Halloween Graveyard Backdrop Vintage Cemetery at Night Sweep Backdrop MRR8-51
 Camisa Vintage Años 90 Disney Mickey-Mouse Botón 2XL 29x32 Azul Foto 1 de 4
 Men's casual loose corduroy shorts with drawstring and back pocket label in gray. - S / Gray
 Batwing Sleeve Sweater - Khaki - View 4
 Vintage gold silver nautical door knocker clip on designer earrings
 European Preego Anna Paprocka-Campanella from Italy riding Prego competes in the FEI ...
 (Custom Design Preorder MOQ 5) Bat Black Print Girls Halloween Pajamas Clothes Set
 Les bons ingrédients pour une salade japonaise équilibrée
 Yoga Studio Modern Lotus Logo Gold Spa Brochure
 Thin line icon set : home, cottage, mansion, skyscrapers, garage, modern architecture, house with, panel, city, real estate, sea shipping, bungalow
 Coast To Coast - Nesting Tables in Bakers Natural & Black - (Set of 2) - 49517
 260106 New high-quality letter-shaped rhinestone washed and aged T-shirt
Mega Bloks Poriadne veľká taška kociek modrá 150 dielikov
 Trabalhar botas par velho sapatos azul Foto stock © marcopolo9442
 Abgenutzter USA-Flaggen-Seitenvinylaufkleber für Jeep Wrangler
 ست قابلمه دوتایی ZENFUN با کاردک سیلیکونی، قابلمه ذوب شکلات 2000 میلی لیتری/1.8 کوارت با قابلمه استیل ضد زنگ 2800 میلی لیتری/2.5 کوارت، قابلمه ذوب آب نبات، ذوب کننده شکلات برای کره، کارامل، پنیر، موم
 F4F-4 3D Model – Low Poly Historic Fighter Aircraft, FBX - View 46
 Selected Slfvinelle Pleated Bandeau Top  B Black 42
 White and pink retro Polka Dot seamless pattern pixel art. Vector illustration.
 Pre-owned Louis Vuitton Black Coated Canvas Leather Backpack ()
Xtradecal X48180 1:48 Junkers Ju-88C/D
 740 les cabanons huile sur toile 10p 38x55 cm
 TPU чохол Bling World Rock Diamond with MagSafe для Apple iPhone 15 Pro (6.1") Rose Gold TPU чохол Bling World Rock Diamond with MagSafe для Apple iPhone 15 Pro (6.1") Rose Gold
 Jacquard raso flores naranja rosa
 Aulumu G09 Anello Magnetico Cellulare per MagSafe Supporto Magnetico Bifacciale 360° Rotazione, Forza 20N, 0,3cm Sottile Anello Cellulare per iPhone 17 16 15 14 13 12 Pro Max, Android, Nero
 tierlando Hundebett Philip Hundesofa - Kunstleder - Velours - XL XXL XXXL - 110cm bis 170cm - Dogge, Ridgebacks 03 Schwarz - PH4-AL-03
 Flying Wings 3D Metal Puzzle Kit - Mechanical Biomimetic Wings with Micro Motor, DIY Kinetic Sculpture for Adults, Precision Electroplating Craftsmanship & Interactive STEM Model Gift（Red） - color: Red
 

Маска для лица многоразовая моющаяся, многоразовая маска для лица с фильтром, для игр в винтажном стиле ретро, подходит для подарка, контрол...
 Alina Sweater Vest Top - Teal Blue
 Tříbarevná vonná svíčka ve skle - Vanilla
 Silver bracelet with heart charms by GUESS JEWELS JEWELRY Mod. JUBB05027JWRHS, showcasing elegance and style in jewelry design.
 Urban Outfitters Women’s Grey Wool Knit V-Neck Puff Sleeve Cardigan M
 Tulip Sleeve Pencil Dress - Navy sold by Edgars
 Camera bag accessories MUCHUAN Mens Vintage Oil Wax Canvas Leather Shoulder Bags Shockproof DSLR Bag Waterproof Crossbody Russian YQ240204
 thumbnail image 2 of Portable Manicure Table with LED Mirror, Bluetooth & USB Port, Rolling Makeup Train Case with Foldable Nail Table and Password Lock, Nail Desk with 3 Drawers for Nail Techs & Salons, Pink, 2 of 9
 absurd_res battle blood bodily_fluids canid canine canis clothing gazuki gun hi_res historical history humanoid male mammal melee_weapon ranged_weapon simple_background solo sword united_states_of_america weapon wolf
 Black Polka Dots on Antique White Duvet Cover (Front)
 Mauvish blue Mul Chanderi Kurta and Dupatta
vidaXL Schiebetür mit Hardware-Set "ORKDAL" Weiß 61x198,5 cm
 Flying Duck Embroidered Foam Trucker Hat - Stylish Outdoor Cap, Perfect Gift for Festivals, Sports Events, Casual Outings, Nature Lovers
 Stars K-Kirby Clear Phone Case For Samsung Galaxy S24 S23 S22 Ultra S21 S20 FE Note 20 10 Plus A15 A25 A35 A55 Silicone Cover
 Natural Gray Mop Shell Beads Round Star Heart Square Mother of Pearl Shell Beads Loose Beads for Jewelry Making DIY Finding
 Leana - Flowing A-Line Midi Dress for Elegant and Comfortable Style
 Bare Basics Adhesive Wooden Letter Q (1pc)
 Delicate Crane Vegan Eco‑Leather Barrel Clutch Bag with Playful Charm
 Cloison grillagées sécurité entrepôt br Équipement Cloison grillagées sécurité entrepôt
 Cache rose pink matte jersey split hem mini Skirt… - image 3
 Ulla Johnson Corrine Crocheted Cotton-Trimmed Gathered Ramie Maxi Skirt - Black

☆ ☆ ☆ ☆ ☆ ☆ ☆

> **WORK TASK**
Every record must appear in the answer exactly as it does above.

> **SOLVED PROBLEM**
Halloween Graveyard Backdrop Vintage Cemetery at Night Sweep Backdrop MRR8-51
 Camisa Vintage Años 90 Disney Mickey-Mouse Botón 2XL 29x32 Azul Foto 1 de 4
 Men's casual loose corduroy shorts with drawstring and back pocket label in gray. - S / Gray
 Batwing Sleeve Sweater - Khaki - View 4
 Vintage gold silver nautical door knocker clip on designer earrings
 European Preego Anna Paprocka-Campanella from Italy riding Prego competes in the FEI ...
 (Custom Design Preorder MOQ 5) Bat Black Print Girls Halloween Pajamas Clothes Set
 Les bons ingrédients pour une salade japonaise équilibrée
 Yoga Studio Modern Lotus Logo Gold Spa Brochure
 Thin line icon set : home, cottage, mansion, skyscrapers, garage, modern architecture, house with, panel, city, real estate, sea shipping, bungalow
 Coast To Coast - Nesting Tables in Bakers Natural & Black - (Set of 2) - 49517
 260106 New high-quality letter-shaped rhinestone washed and aged T-shirt
Mega Bloks Poriadne veľká taška kociek modrá 150 dielikov
 Trabalhar botas par velho sapatos azul Foto stock © marcopolo9442
 Abgenutzter USA-Flaggen-Seitenvinylaufkleber für Jeep Wrangler
 ست قابلمه دوتایی ZENFUN با کاردک سیلیکونی، قابلمه ذوب شکلات 2000 میلی لیتری/1.8 کوارت با قابلمه استیل ضد زنگ 2800 میلی لیتری/2.5 کوارت، قابلمه ذوب آب نبات، ذوب کننده شکلات برای کره، کارامل، پنیر، موم
 F4F-4 3D Model – Low Poly Historic Fighter Aircraft, FBX - View 46
 Selected Slfvinelle Pleated Bandeau Top  B Black 42
 White and pink retro Polka Dot seamless pattern pixel art. Vector illustration.
 Pre-owned Louis Vuitton Black Coated Canvas Leather Backpack ()
Xtradecal X48180 1:48 Junkers Ju-88C/D
 740 les cabanons huile sur toile 10p 38x55 cm
 TPU чохол Bling World Rock Diamond with MagSafe для Apple iPhone 15 Pro (6.1") Rose Gold TPU чохол Bling World Rock Diamond with MagSafe для Apple iPhone 15 Pro (6.1") Rose Gold
 Jacquard raso flores naranja rosa
 Aulumu G09 Anello Magnetico Cellulare per MagSafe Supporto Magnetico Bifacciale 360° Rotazione, Forza 20N, 0,3cm Sottile Anello Cellulare per iPhone 17 16 15 14 13 12 Pro Max, Android, Nero
 tierlando Hundebett Philip Hundesofa - Kunstleder - Velours - XL XXL XXXL - 110cm bis 170cm - Dogge, Ridgebacks 03 Schwarz - PH4-AL-03
 Flying Wings 3D Metal Puzzle Kit - Mechanical Biomimetic Wings with Micro Motor, DIY Kinetic Sculpture for Adults, Precision Electroplating Craftsmanship & Interactive STEM Model Gift（Red） - color: Red
 

Маска для лица многоразовая моющаяся, многоразовая маска для лица с фильтром, для игр в винтажном стиле ретро, подходит для подарка, контрол...
 Alina Sweater Vest Top - Teal Blue
 Tříbarevná vonná svíčka ve skle - Vanilla
 Silver bracelet with heart charms by GUESS JEWELS JEWELRY Mod. JUBB05027JWRHS, showcasing elegance and style in jewelry design.
 Urban Outfitters Women’s Grey Wool Knit V-Neck Puff Sleeve Cardigan M
 Tulip Sleeve Pencil Dress - Navy sold by Edgars
 Camera bag accessories MUCHUAN Mens Vintage Oil Wax Canvas Leather Shoulder Bags Shockproof DSLR Bag Waterproof Crossbody Russian YQ240204
 thumbnail image 2 of Portable Manicure Table with LED Mirror, Bluetooth & USB Port, Rolling Makeup Train Case with Foldable Nail Table and Password Lock, Nail Desk with 3 Drawers for Nail Techs & Salons, Pink, 2 of 9
 absurd_res battle blood bodily_fluids canid canine canis clothing gazuki gun hi_res historical history humanoid male mammal melee_weapon ranged_weapon simple_background solo sword united_states_of_america weapon wolf
 Black Polka Dots on Antique White Duvet Cover (Front)
 Mauvish blue Mul Chanderi Kurta and Dupatta
vidaXL Schiebetür mit Hardware-Set "ORKDAL" Weiß 61x198,5 cm
 Flying Duck Embroidered Foam Trucker Hat - Stylish Outdoor Cap, Perfect Gift for Festivals, Sports Events, Casual Outings, Nature Lovers
 Stars K-Kirby Clear Phone Case For Samsung Galaxy S24 S23 S22 Ultra S21 S20 FE Note 20 10 Plus A15 A25 A35 A55 Silicone Cover
 Natural Gray Mop Shell Beads Round Star Heart Square Mother of Pearl Shell Beads Loose Beads for Jewelry Making DIY Finding
 Leana - Flowing A-Line Midi Dress for Elegant and Comfortable Style
 Bare Basics Adhesive Wooden Letter Q (1pc)
 Delicate Crane Vegan Eco‑Leather Barrel Clutch Bag with Playful Charm
 Cloison grillagées sécurité entrepôt br Équipement Cloison grillagées sécurité entrepôt
 Cache rose pink matte jersey split hem mini Skirt… - image 3
 Ulla Johnson Corrine Crocheted Cotton-Trimmed Gathered Ramie Maxi Skirt - Black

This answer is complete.